For the data below, transcribe the part that opens with the line containing "TONIFUL 2 Size" and closes with the line containing "Oval Peridot &", exactly and with no pictures.

● Dataset content:
○ ○ ○ ○ ○

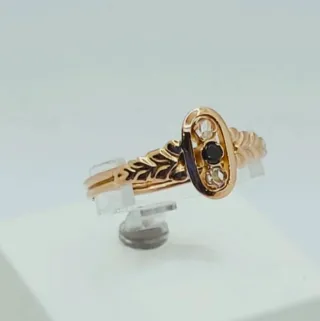 Anel Ouro 19.2k Granada e Diamantes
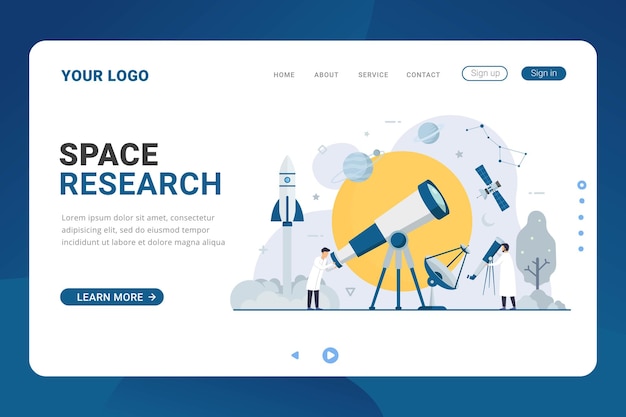 Landing page template for space research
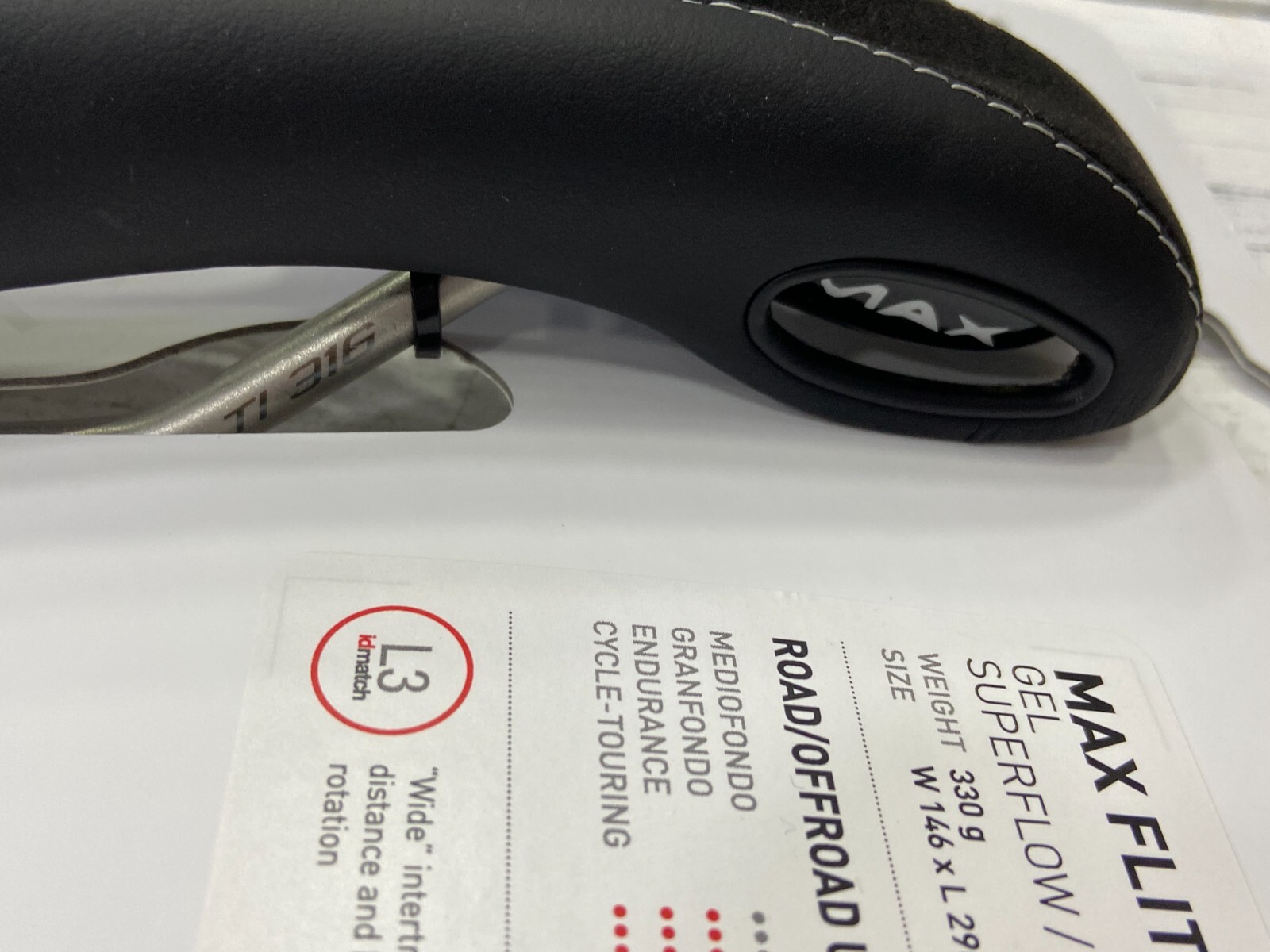 Selle Italia Max Flite Gel Superflow 146x290mm L3 Ti316 Rail Road Saddle (Black)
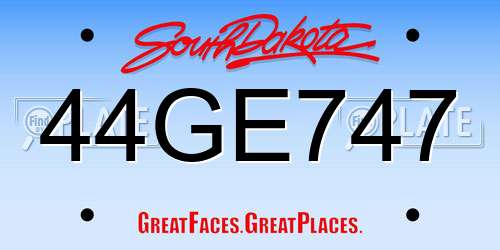 44GE747 South Dakota License Plate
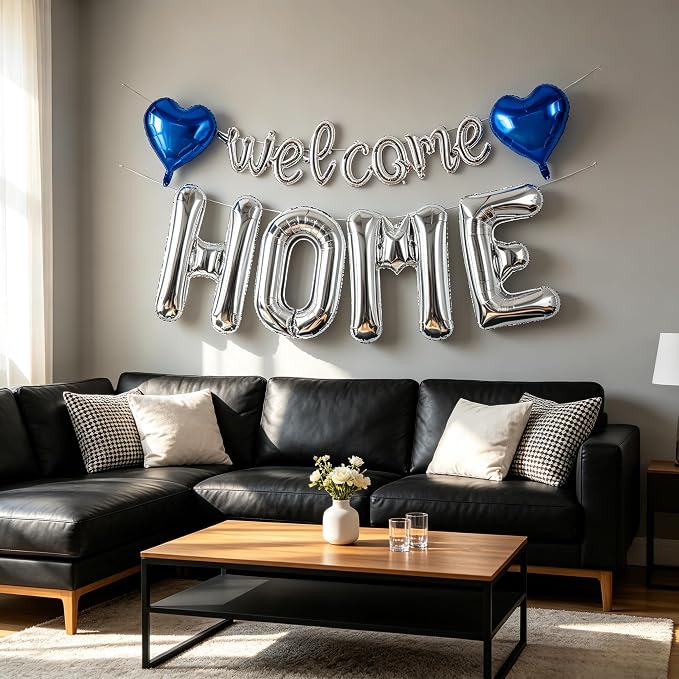 TONIFUL 2 Size Silver Foil Welcome HOME Letter Balloons Banner Decorations | - Image 4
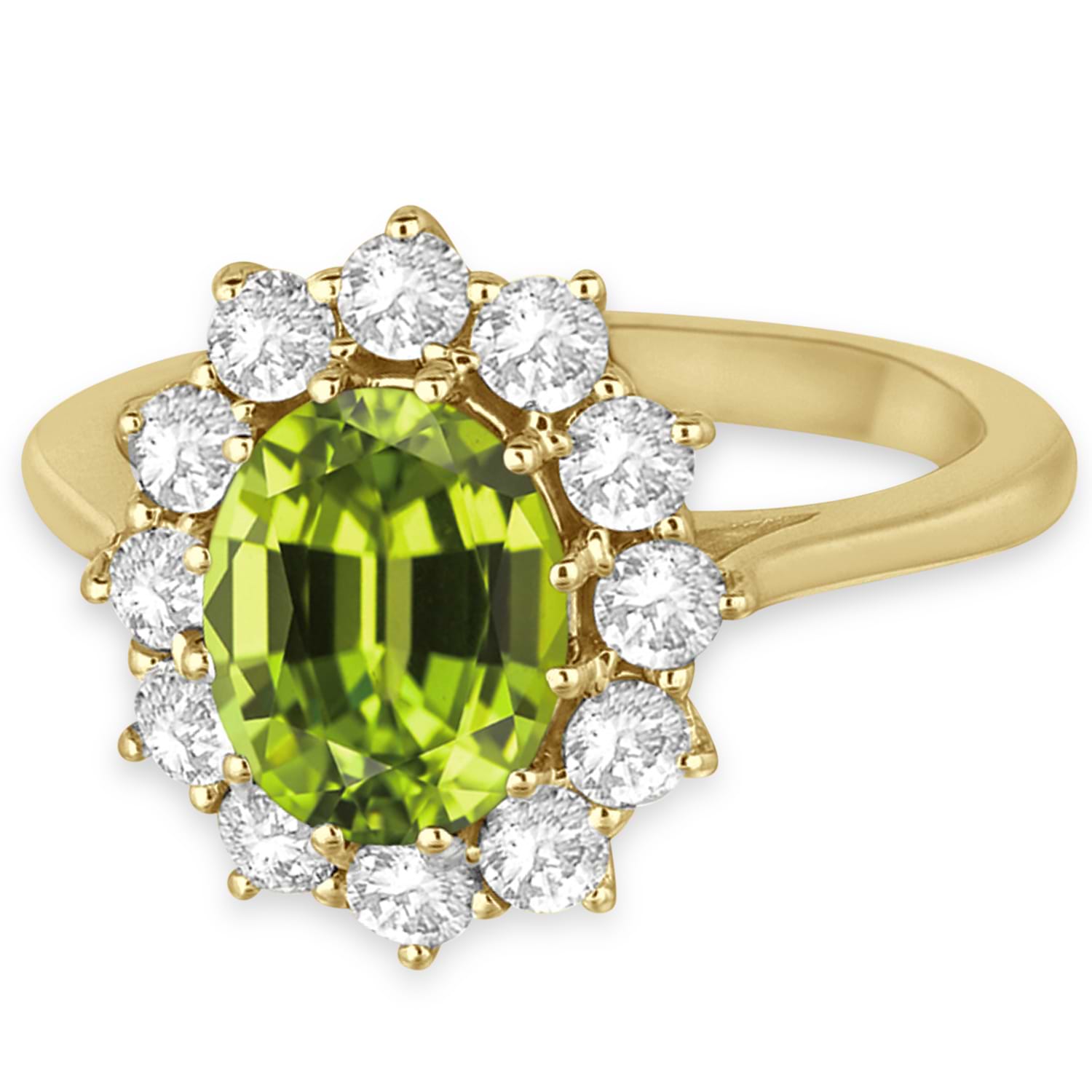 Oval Peridot & Diamond Accented Ring in 14k Yellow Gold (3.60ctw)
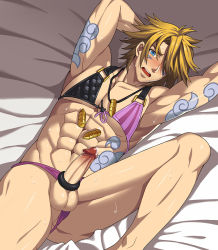 Rule 34 | 1boy, abs, armpits, arms up, bed, bed sheet, blonde hair, blue eyes, blush, bullet, censored, cum, erection, ezreal, hata ichi, league of legends, lying, male focus, muscular, necklace, nipples, penis, precum, solo, spiked hair, sweat, tattoo, testicles, underwear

○ ○ ○ ○ ○

● Output for this exercise:
 TONIFUL 2 Size Silver Foil Welcome HOME Letter Balloons Banner Decorations | - Image 4
 Oval Peridot & Diamond Accented Ring in 14k Yellow Gold (3.60ctw)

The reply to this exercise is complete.